[Extracted data entries]
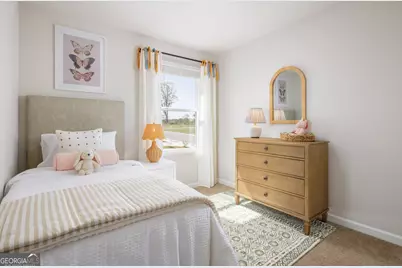 4809 Groveview Terrace #170, Gainesville, GA 30504 - Photo 13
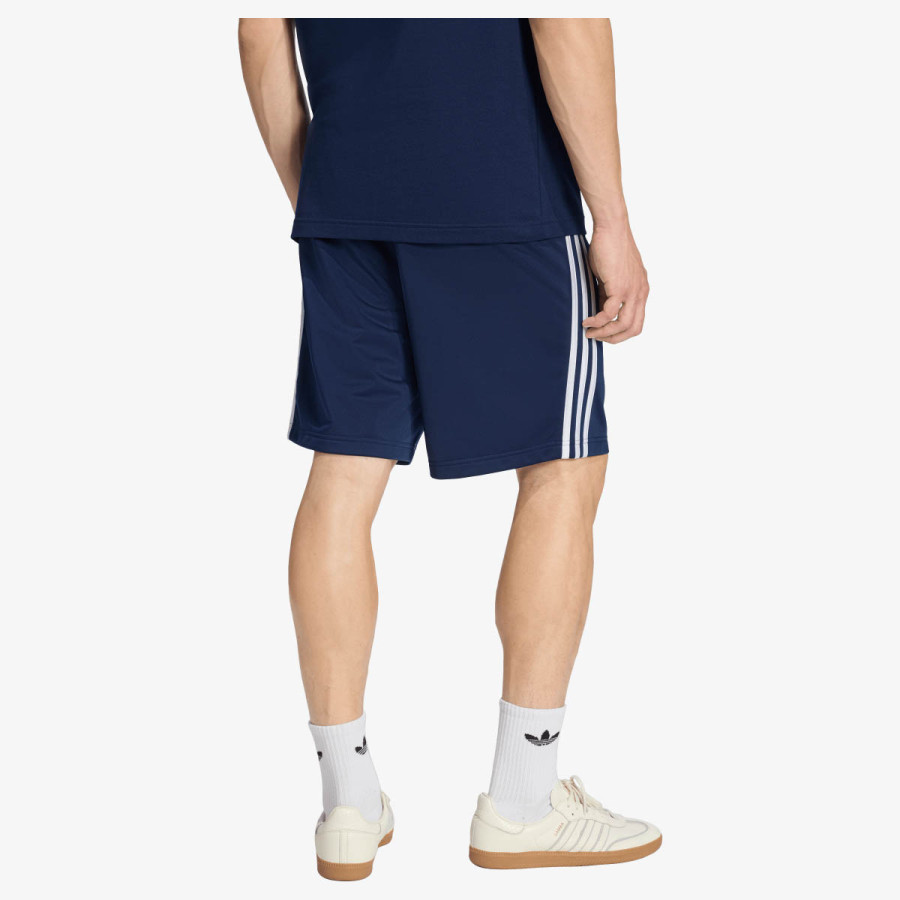 ADIDAS Pantaloni scurti Firebird 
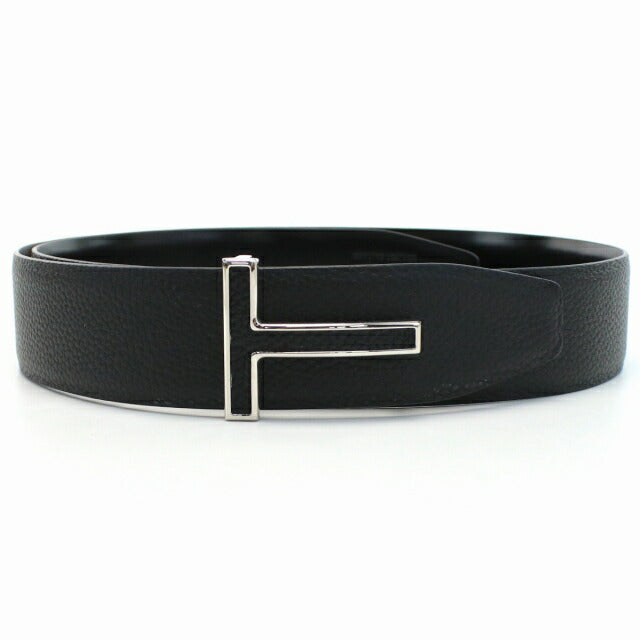 汤姆·福特（Tom Ford Belt）男士品牌汤姆·福特（Tom Ford Italy）意大利TB248P黑色黑色可选型号TOFTB248PB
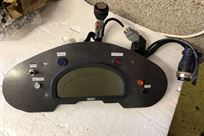 motec-adl2-from-porsche-997-cup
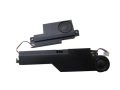 Lenovo V370 V370A L+R Hoparlör Speaker Takımı 23.40903.001
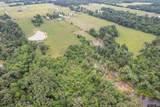 881 Vz County Road 4605 - Photo 43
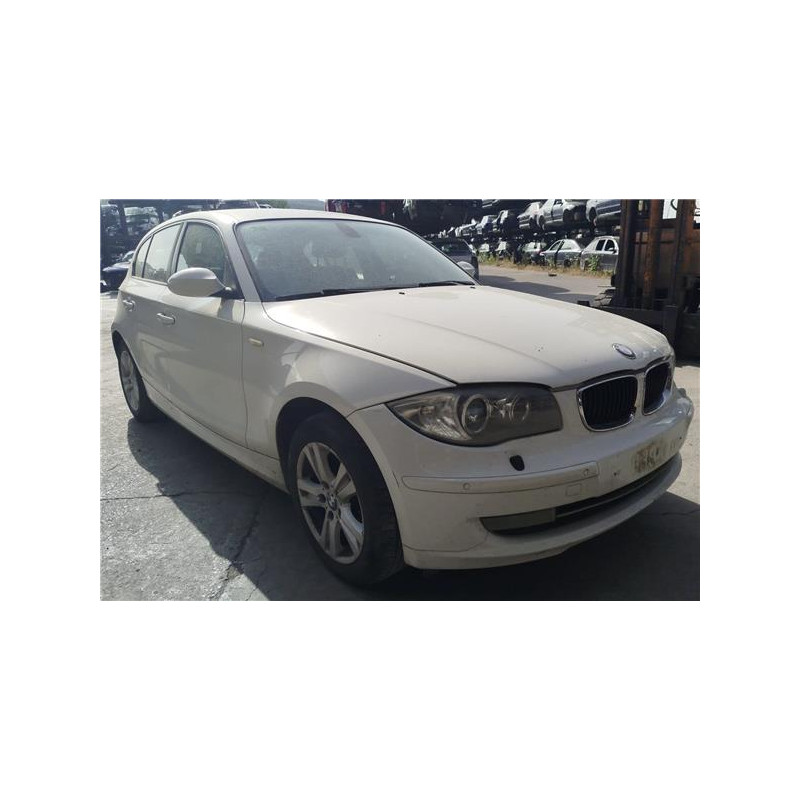 AIRBAG LATERAL DEL. DCHO.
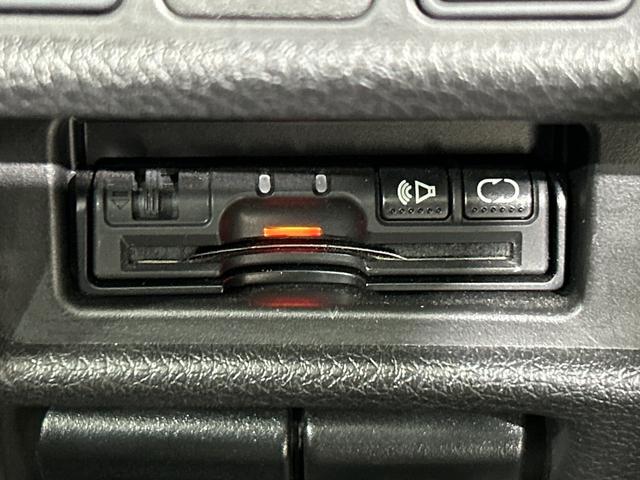 エクストレイル 20X エマージェンシーブレーキパッケージ 社外9型ナビ Bカメラ LDW AEB 進入禁止 アイドリングS カブロンシート 前席シートヒーター 革巻きステアリング 前後ソナー LED 社外前ドラレコ インテリキー プッシュスタート(20枚目)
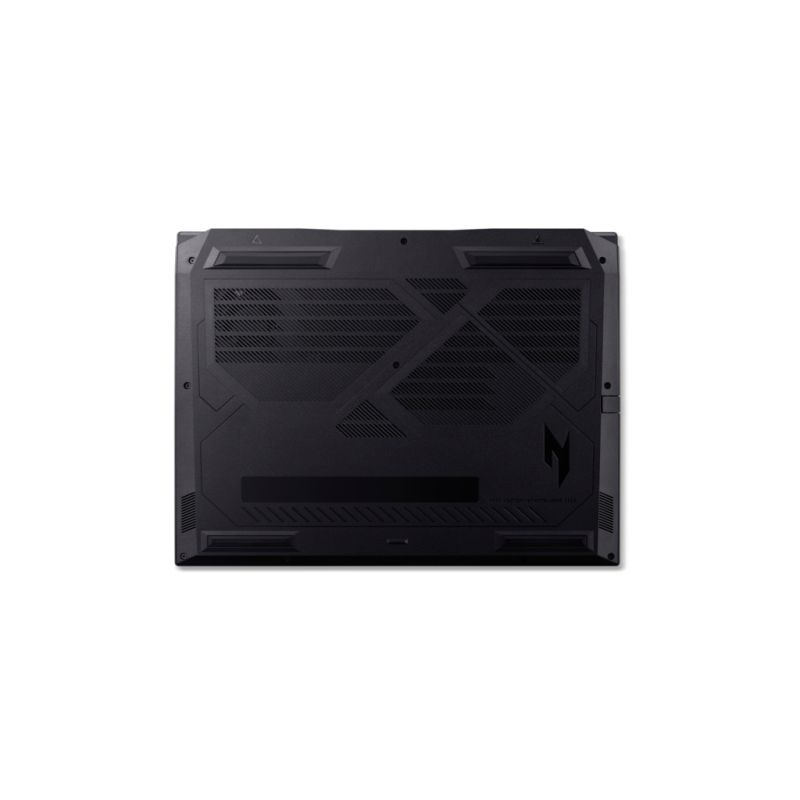 Ноутбук Acer Nitro V 16 AI ANV16-42-R67K (NH.U1JEU.009)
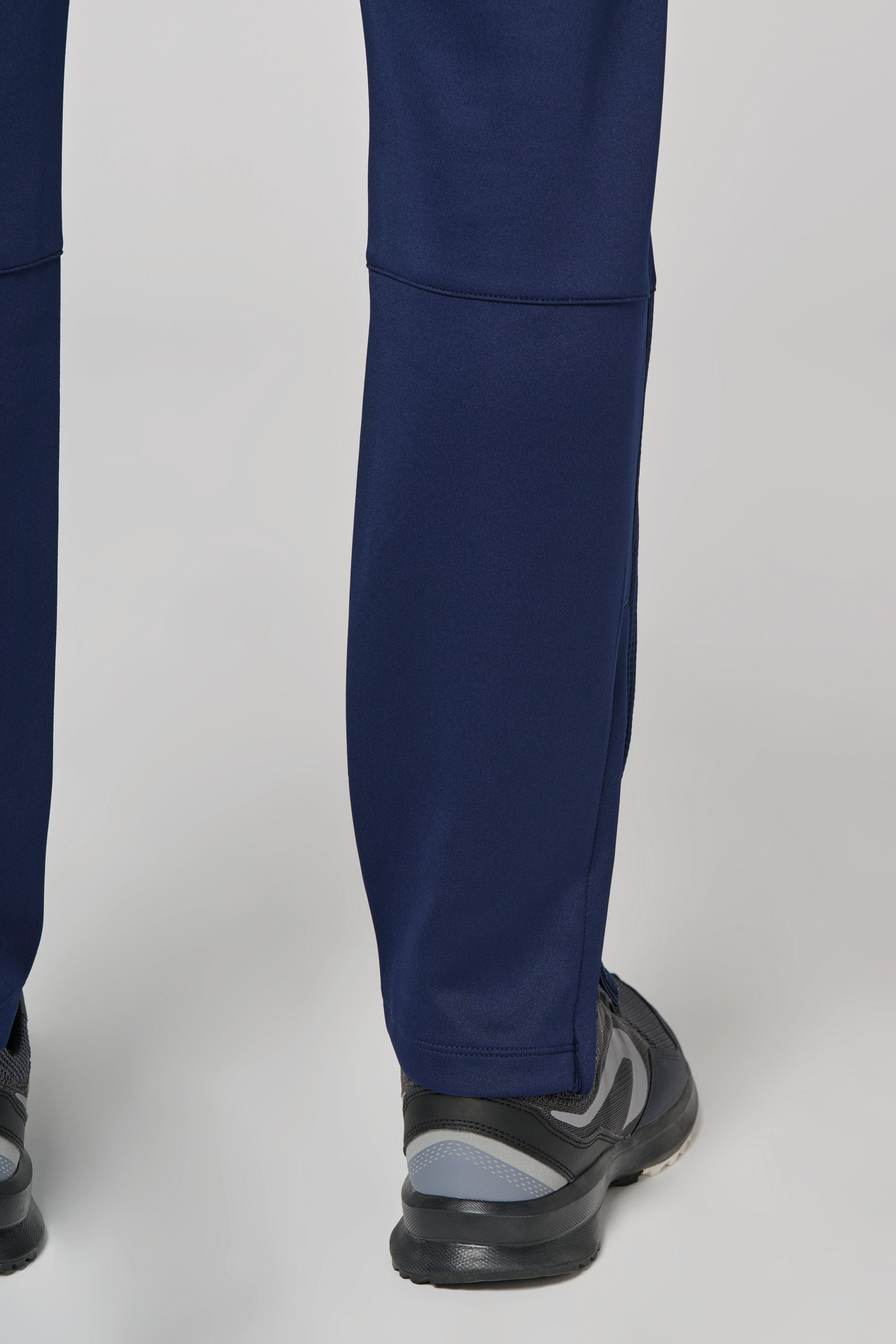 Miniature 15 pour Pantalon d'entrainement Premium unisexe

-- What needs to be done --
I would like the data copied exactly as it stands, with no pictures included.

-- Written answer --
 4809 Groveview Terrace #170, Gainesville, GA 30504 - Photo 13
 ADIDAS Pantaloni scurti Firebird 
 汤姆·福特（Tom Ford Belt）男士品牌汤姆·福特（Tom Ford Italy）意大利TB248P黑色黑色可选型号TOFTB248PB
 motec-adl2-from-porsche-997-cup
 Lenovo V370 V370A L+R Hoparlör Speaker Takımı 23.40903.001
 881 Vz County Road 4605 - Photo 43
 AIRBAG LATERAL DEL. DCHO.
 エクストレイル 20X エマージェンシーブレーキパッケージ 社外9型ナビ Bカメラ LDW AEB 進入禁止 アイドリングS カブロンシート 前席シートヒーター 革巻きステアリング 前後ソナー LED 社外前ドラレコ インテリキー プッシュスタート(20枚目)
 Ноутбук Acer Nitro V 16 AI ANV16-42-R67K (NH.U1JEU.009)
 Miniature 15 pour Pantalon d'entrainement Premium unisexe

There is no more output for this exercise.